People can disclaim assets along with rights of survivorship, powers of appointment, and fiduciary duties
Many states (and the Internal Revenue Code for gift tax purposes) require disclaimers to be made within 9 months of the decedent’s death
In re Estate of Gardner (2012): Ch 1 p. 48
Upon G’s death, Richardson granted life estate interest in his property
Under terms of G’s amended trust, at termination of Richardson’s life estate, the property would pass to decedent’s 2 kids
Estate came with obligation to pay taxes, upkeep on house, and 200k mortgage
**20 months after inheritance, creditors of property sent Richardson a bill – Richardson tried to DISCLAIM property
H: disclaimer ineffective: well past 9 month deadline to do so
Professional Responsibility: ch1 p. 50
2 ethical issues relevant to T&E attys:
1. Malpractice liability
2. Client communications and conflicts of interest
Intestate Estates: Introduction:
UPC 2-101(c): any part of a decedent’s estate not effectively disposed of by will passes by intestate succession to the decedent’s heirs as prescribed in this Code, except as modified by decedent’s will
**UPC uses per capita for decedent’s descendant’s under UPC 2-103(a) (p. 25 of supplement)

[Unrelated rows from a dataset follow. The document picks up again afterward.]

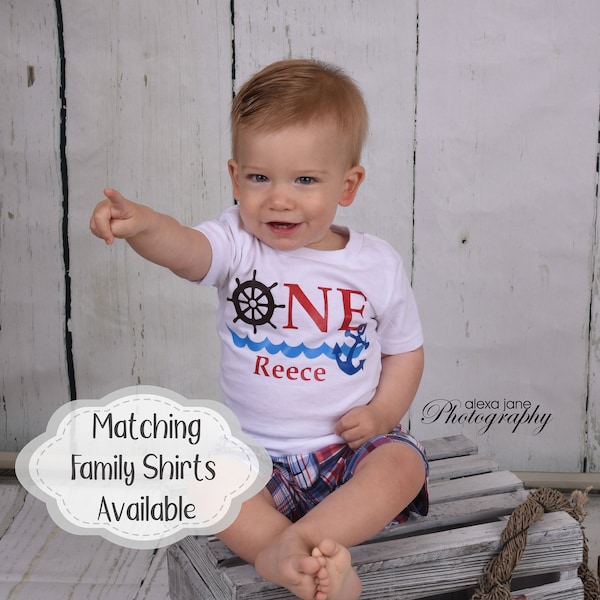 First Birthday Nautical Shirt Nautical Birthday Outfit 1st Birthday Shirt Sailor Birthday Sailing Birthday Anchor Pirate 1st Birthday Whale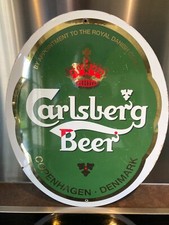 PLAQUE EMAILLEE BOMBEE BIERE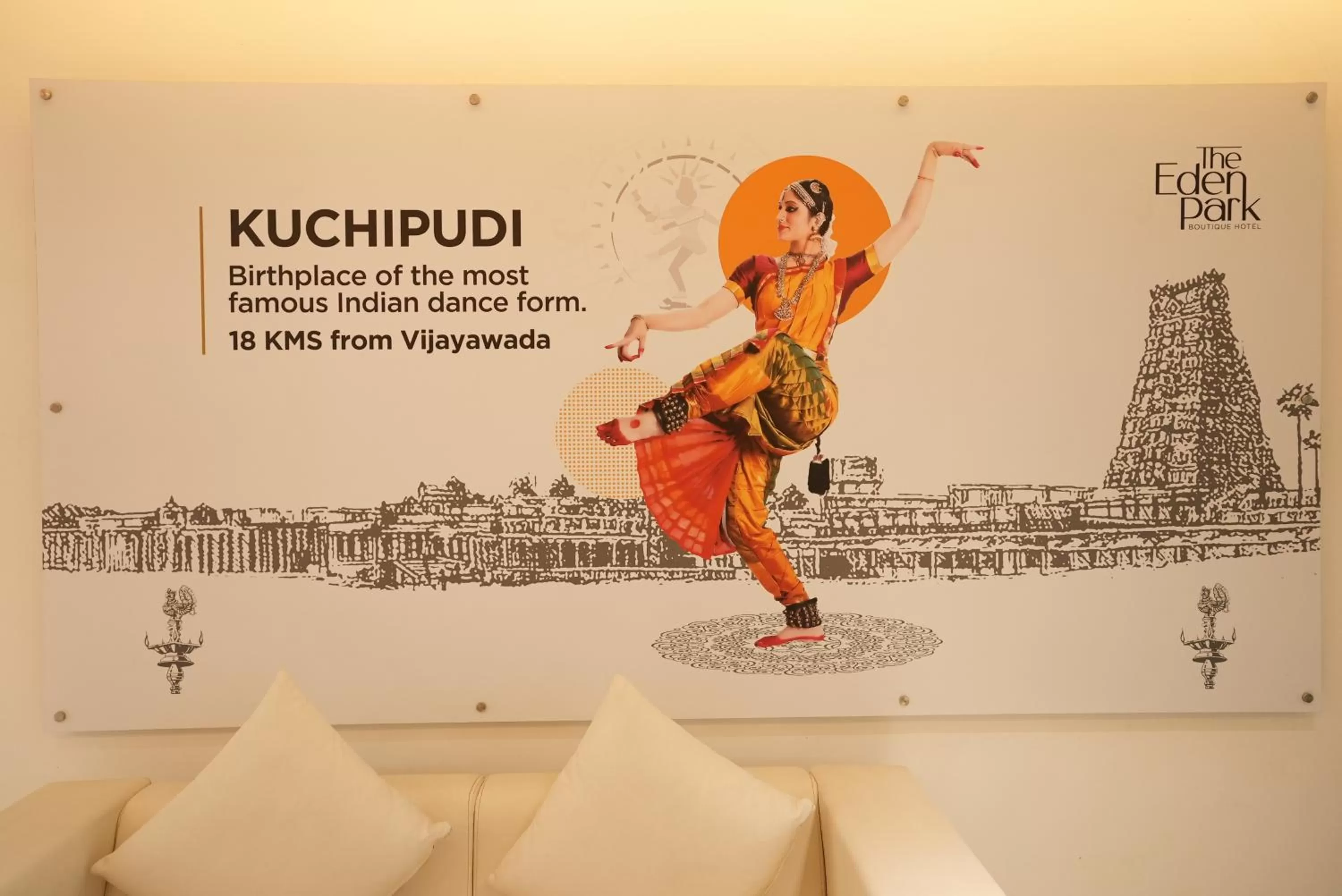 Living room in Eden Park Boutique Hotel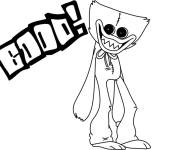 Coloriage Huggy Wuggy confiant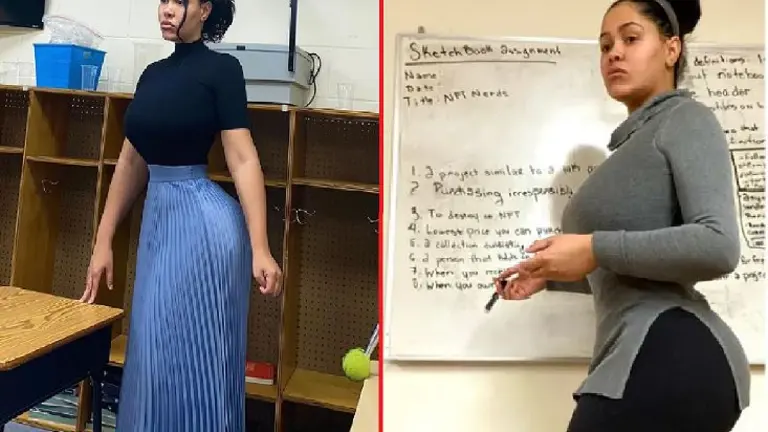 Maestra con cuerpo vuluptuoso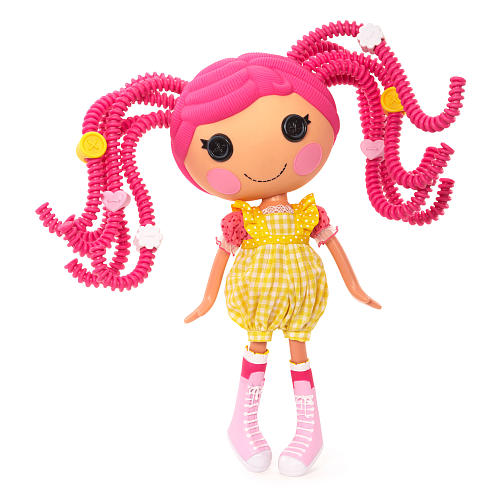 <br>The Lalaloopsy were once rag dolls who magically came to life, taking on the personalities of the fabrics that were used to make them. These Lalaloopsy have silly hair that bends every which way! Now you can style your Lalaloopsy dolls hair and her pets tail too!<br><br><span style="font-weight: bold;">Why Savvy Auntie Loves It: </span><span id="lblGDesc">We go ga ga for Lalaloopsy! Shes fun and 
interactive - and quite adorable too! Ok so now your niece may be too 
busy doing her Crumbs Sugar Cookie dolls hair to do your hair, Auntie. 
But that is the sacrifice we make for our little beauty-loving nieces, 
isnt it?<br><br><a name="" target="" classname="" class="" href="/giftview1.aspx?Id=2103&Name=Lalaloopsy+Silly+Hair+Doll+-+Crumbs+Sugar+Cookie">Click here to get this gift! </a><br></span>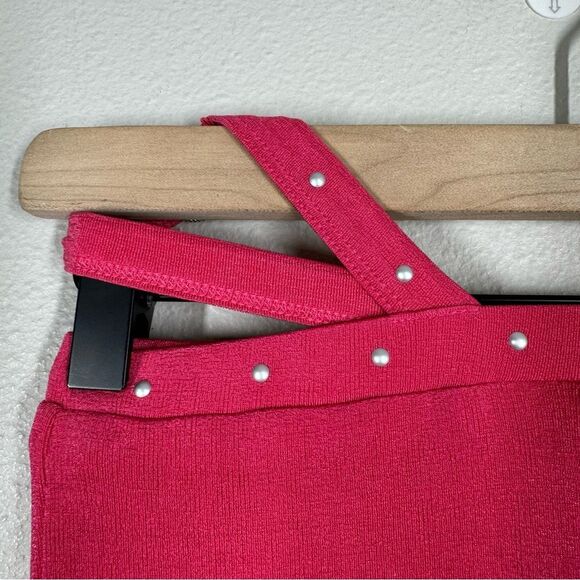 I.AM.GIA Violet Hot Pink Flare Pants Studded Cut Out Party Women’s Size XXS - Picture 3 of 9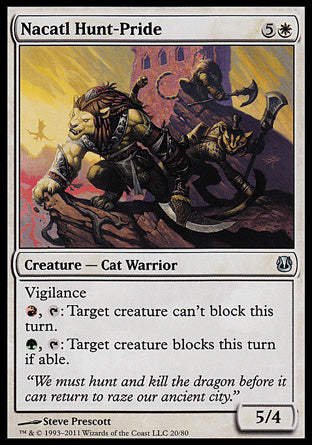 Nacatl Hunt-Pride (Duel Decks: Ajani vs Nicol Bolas) Near Mint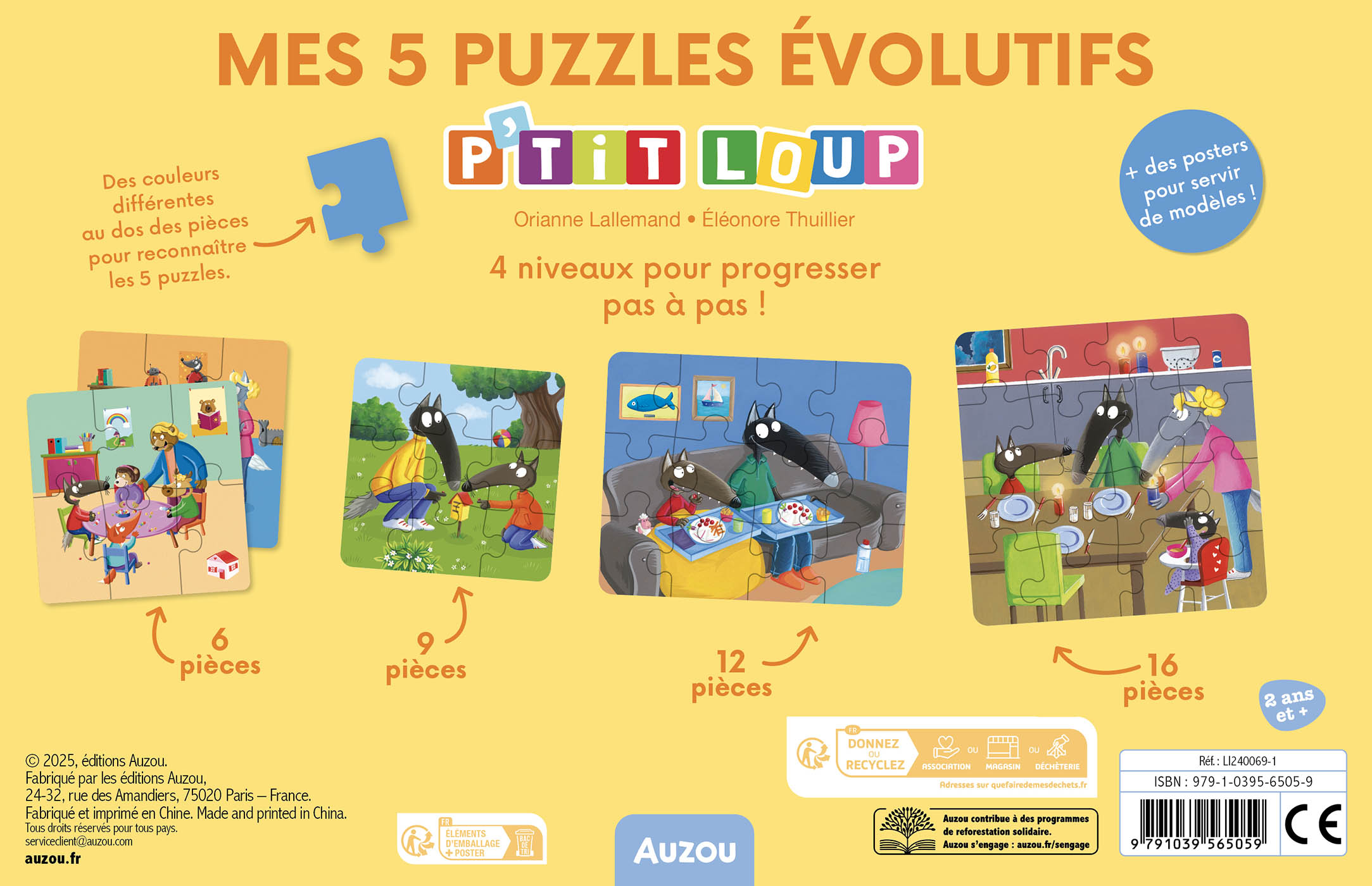 P'tit Loup - Mes 5 Puzzles Évolutifs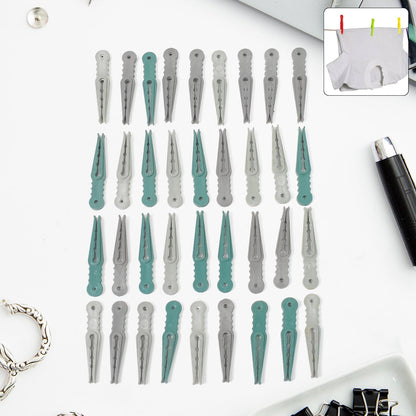36Pcs MULTIPURPOSE PLASTIC CLOTH HANGING PEGS / CLIPS - 36 PCS Signaturekarts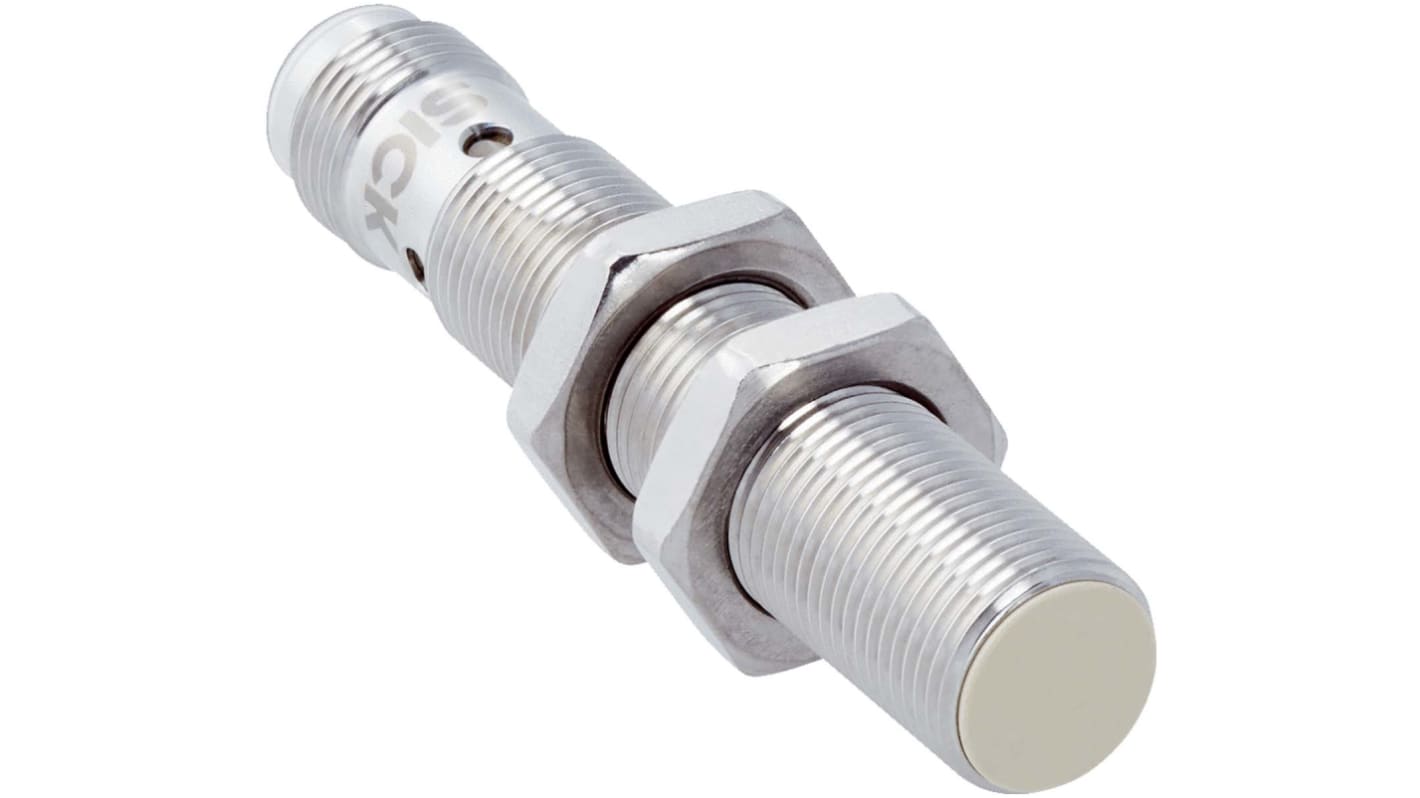 Rs-Online Sensore di prossimità Cilindro filettato SICK M12 rilevamento 4 mm 10 → 30 V CC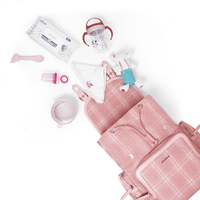 SUNVENO Diaper Bag Backpack, Baby Changing Bag Nappy Tweed Baby Diaper Bags Multifunction Waterproof for Travel EasyOptionXY LLC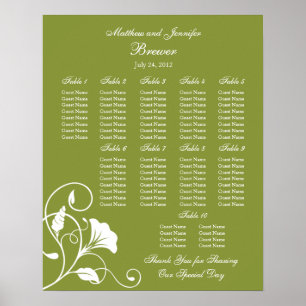 Tableau des sièges de la réception de mariage - Ta
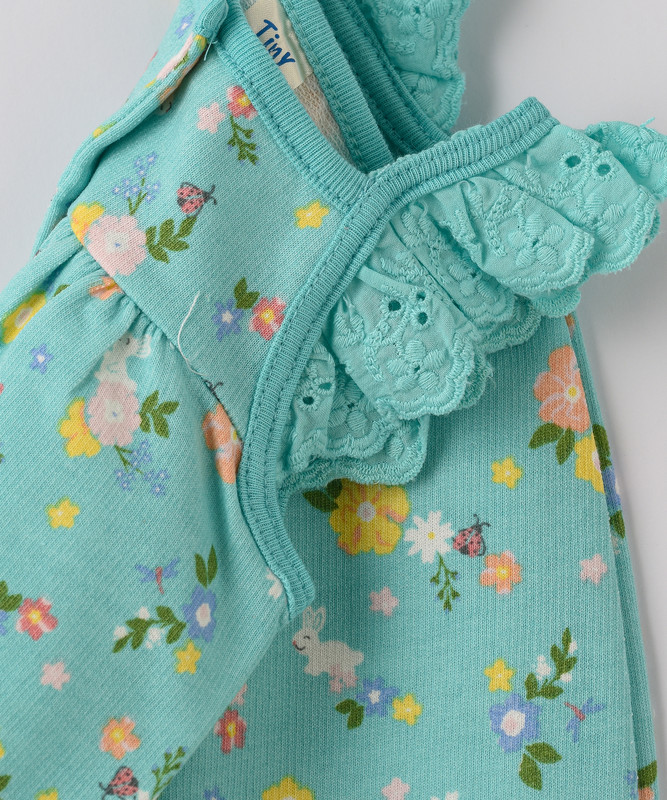 Tiny Hug - Baby Girl's Romper - Green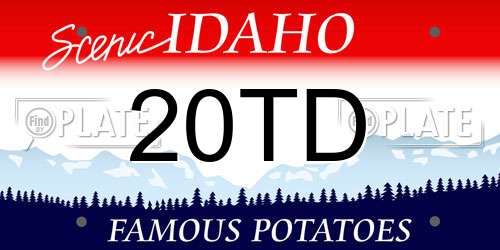 20TD Idaho License Plate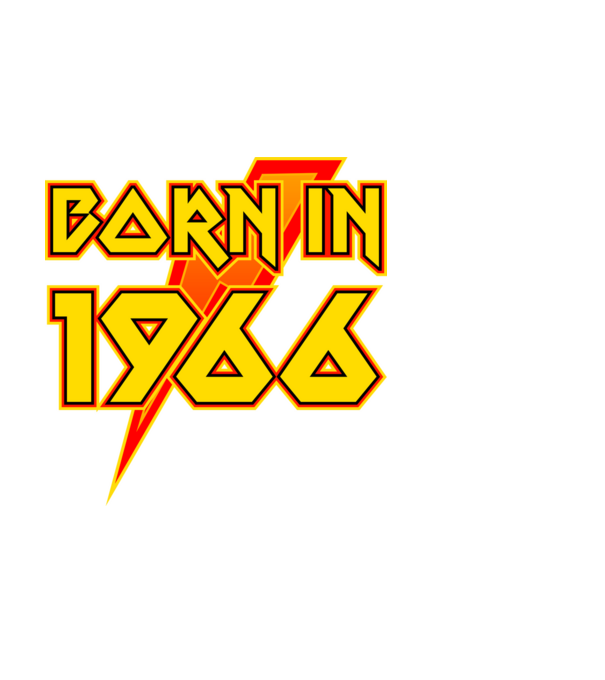 heavy metal born in 1966 minta fehér pólón
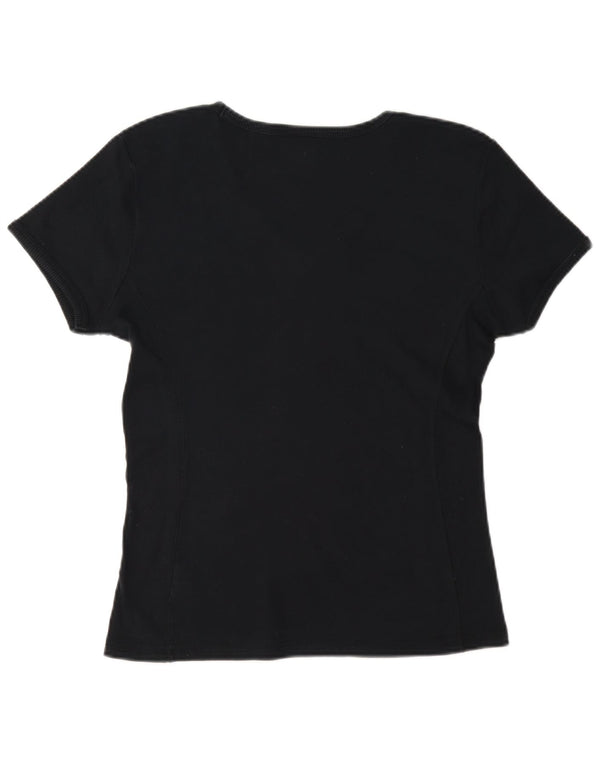 Camiseta feminina Champion Heritage Classics UK 18 XL azul marinho algodão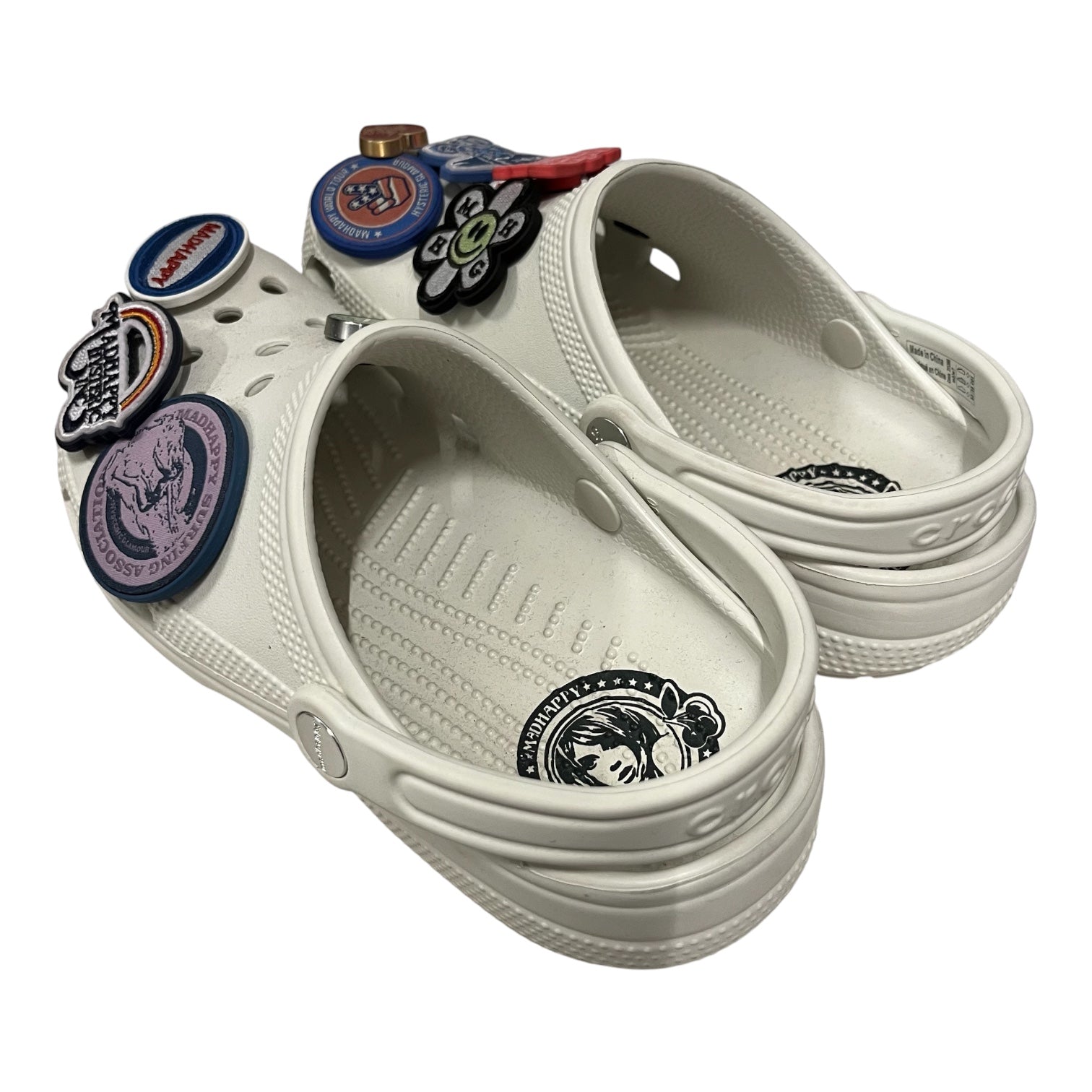 HYSTERIC GLAMOUR/crocs/Madhappy/Sandals/US 7/WHT/with jibbitz view 2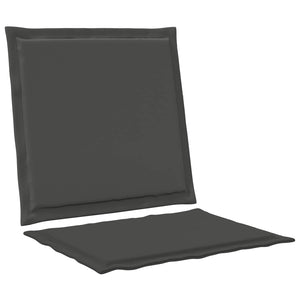 Μαξιλάρια Καθίσματος και Πλάτης 4 pcs Ανθρακί 47 x 45 x 2 εκ - Pakobazaar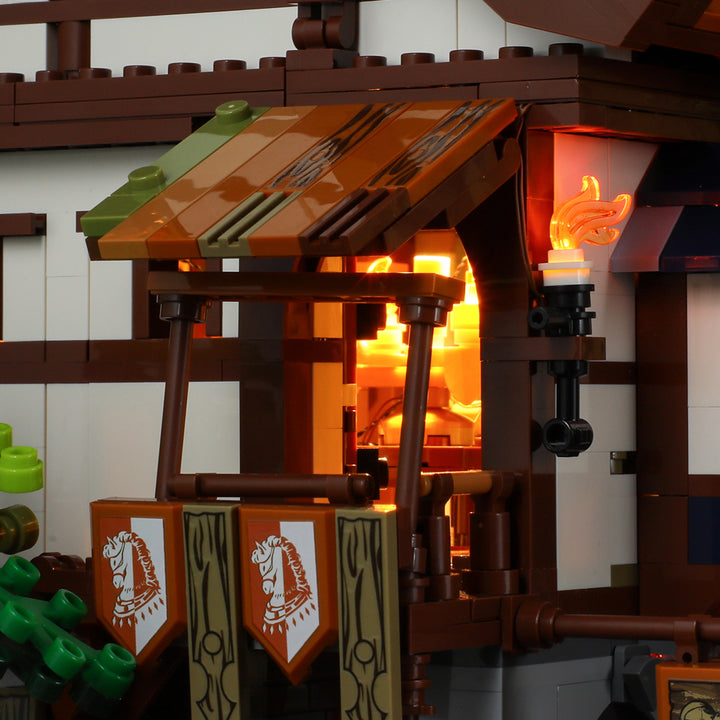 FUNWHOLE - Medieval Market 2614PCS - Building Block Toy- USA(Ship to USA)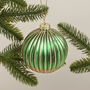G Decor Glass Green And Gold Christmas Decoration, thumbnail 2 of 4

3 Widely Used Systems of Representation:
English Per Stirpes:
Locate the generation nearest to the decedent with a living member OR a predeceased member survived by living issue.
Divide the estate into as many shares as there are living members AND predeceased members survived by living issue.
Distribute one share to each living member.
Repeat to distribute shares of predeceased members (treat each predeceased member as a new decedent).